To counter the bad stuff that cannot be filtered out, I am lucky enough to have weapons of the highest quality: a lifelong friend who started a superb photography blog this week, who knows the value of a well-placed giggle, and who owns - and shares! - a copy of the BBC adaptation of Pride and Prejudice. Here is my favorite, favorite scene in the whole movie (I know, Shan, it's crazy, but this even beats out the lake scene):





I've also borrowed three Jane Austen books (one from another friend, I am so lucky in my friends), and reading her funny and insightful words helps. A lot. I started with Pride and Prejudice, because I just can't get enough of Darcy, I guess!



Also, we attended a Valentine's Day party on Friday that was quite the opposite of ominous isolation: seventy homeschoolers, and bowling, and crafts, and food, and storytelling, even a penny drive for Haiti. It wonderful.













(Thanks to Erica for the two best pics up there :-)



So this year, between Valentine's Day and Pride and Prejudice (and good friends, and good fun!), I am able to counter the forces of evil. I hope your day is a good one, whether you love the holiday of love - or detest it.

Thursday, February 11, 2010

Pre-Literacy

Owen, at five, wants to read so badly. He's fascinated with letters - their formation, which ones make which sounds - but the poor kid can't make sense of them yet, try as he might.



We play rhyming games, read great books (two current favorites: Henry and the Buccaneer Bunnies and the equally hilarious Way Out West with a Baby), and play games from another superb book, Games for Reading by Peggy Kaye.



But sometimes, you just want to be entertained while learning to read, and that is when we turn to YouTube. Here are some of Owen's - and Luke's, and my - absolute favorite reading/silly skits, from PBS's Between the Lions; this first one is the best:





By the end of that video, I am wiping tears of laughter off my face. Every time.
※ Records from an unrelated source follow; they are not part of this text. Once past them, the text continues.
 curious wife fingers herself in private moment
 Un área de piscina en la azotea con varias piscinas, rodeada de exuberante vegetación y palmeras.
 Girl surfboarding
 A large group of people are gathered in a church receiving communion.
Next up, the Monkey Pop-Up Theater:





Now, the Amazing Adventures of Cliff Hanger:





And finally, Gawain's Word:





This skit is based off of Wayne's World, the movie with Mike Myers and Dana Carvey, which (due to my overly silly sense of humor) makes it all the more endearing to me. We have even been known to 'do' Gawain's Word in our pool in summer!



So, maybe these skits help Owen take in the principles behind decoding text. I can tell you, watching them with him on my lap at the computer, seeing his expression as each new goofy thing happens on-screen, breathing in his little-boy smell, laughing along with him - that is what I mostly like them for.

Monday, February 8, 2010

The Chicken in Winter



I know I haven't written about them much recently, but the girls are a very large part of our lives. We've spent hours in the freezing cold hanging out, watching them poke around the semi-snowy yard, and collecting eggs from the nesting box.
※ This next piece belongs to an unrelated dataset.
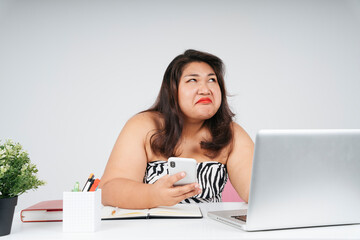 Upset bored asian chubby woman at working desk in office.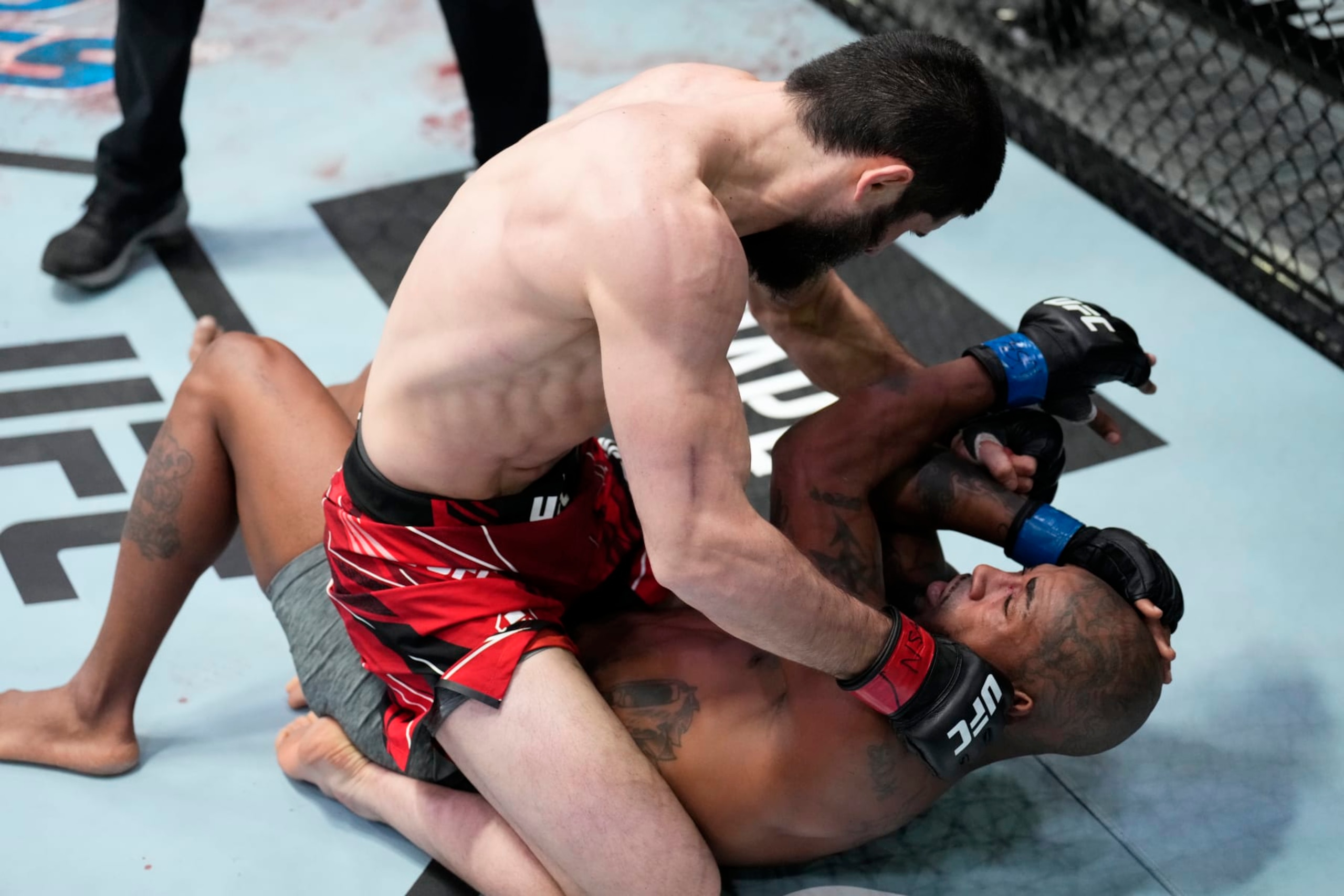 LAS VEGAS, NEVADA - FEBRUARY 26: (L-R) Islam Makhachev of Russia punches Bobby Green in their lightweight fight during the UFC Fight Night event at UFC APEX on February 26, 2022 in Las Vegas, Nevada. (Photo by Chris Unger/Zuffa LLC)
They hate snow, so this last five weeks or so without it has been fun for the girls, who scratch around on the frozen grass and scrape into the pine needles behind their coop.





It sounds like their snow-free explorations will come to a halt, for a while at least, because we're expecting six inches or so in a few days. But they've had it good whether they know it or not.
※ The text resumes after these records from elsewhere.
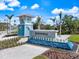 Inviting entrance to Beachwalk by Manasota Key, adorned with a water feature and lush green landscaping at 10240 Beach Dune Dr, Englewood, FL 34223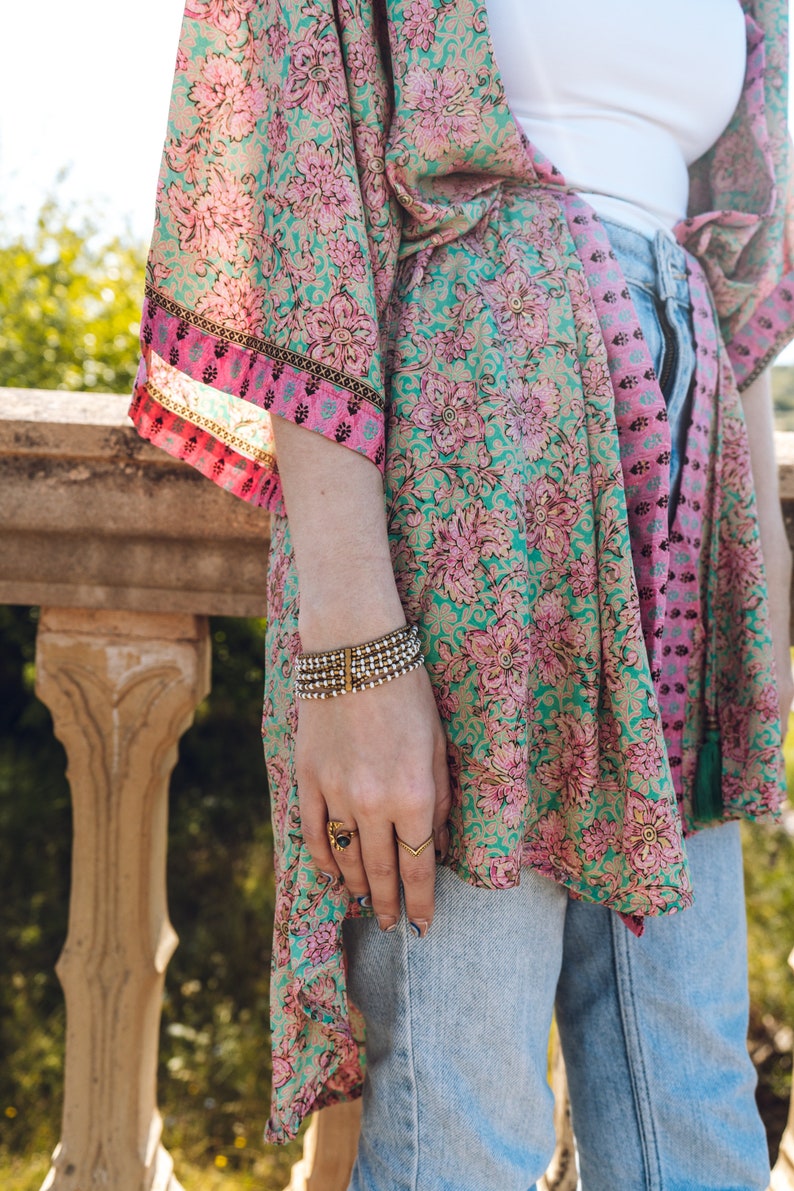 May include: A floral print kimono in shades of teal, pink, and gold. The kimono is paired with light wash denim jeans and a white top. A multi-strand bracelet and gold rings adorn the wrist. The kimono's design features a repeating floral pattern.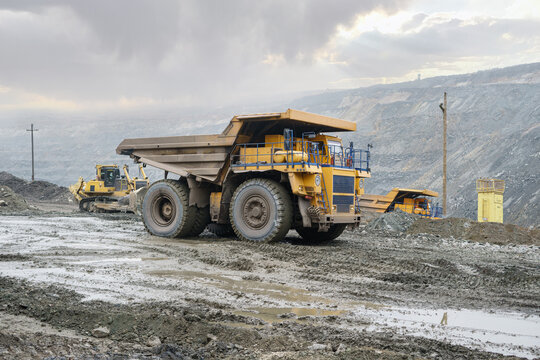 A large open-pit dump truck rides in an open-pit ore quarry. Part of the technological process of open-pit mining.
You may remember, if you've been reading since we got them, that the chickens used to scare the bejabbers out of me. They don't anymore; when I am in the yard, lugging wood in for the stove or feeding them (or, more rarely, cleaning out their coop - which is SO not bad, Firefly Mom!), they follow me around and cluck adorably. The chickens just exude serenity, with their soft little voices and gentle mannerisms. We are so glad we added them to our family.

Wednesday, February 3, 2010

Below Average

This here post is a ticked-off, public-school-sucks kind of post; I just wanted to get that out of the way at the beginning. It's about a conversation we had tonight, over dinner.



We'd spent the better part of our meal discussing The Black Cauldron, Lloyd Alexander's second book about Prydain, and the funniest Calvin and Hobbes comics, and favorite specific quotes from the Lord of the Rings trilogy, and how the 'big three' Greek Gods figured out who was going to be in charge of what realm, and... well, the conversation ranged, I guess, to sum up. All four of us took an equal part, and I was thinking how cool it was that the kids engage in conversation like they do, when Ben mentioned something about parents' perceptions that their schooled children who are of average ability get average teachers, and that kids with either learning issues, who are 'below average', or gifted kids, get the better teachers.



Now, this would have been an interesting thread to follow - but Luke heard the words 'below average' and suddenly said, "Yes, I'm below average."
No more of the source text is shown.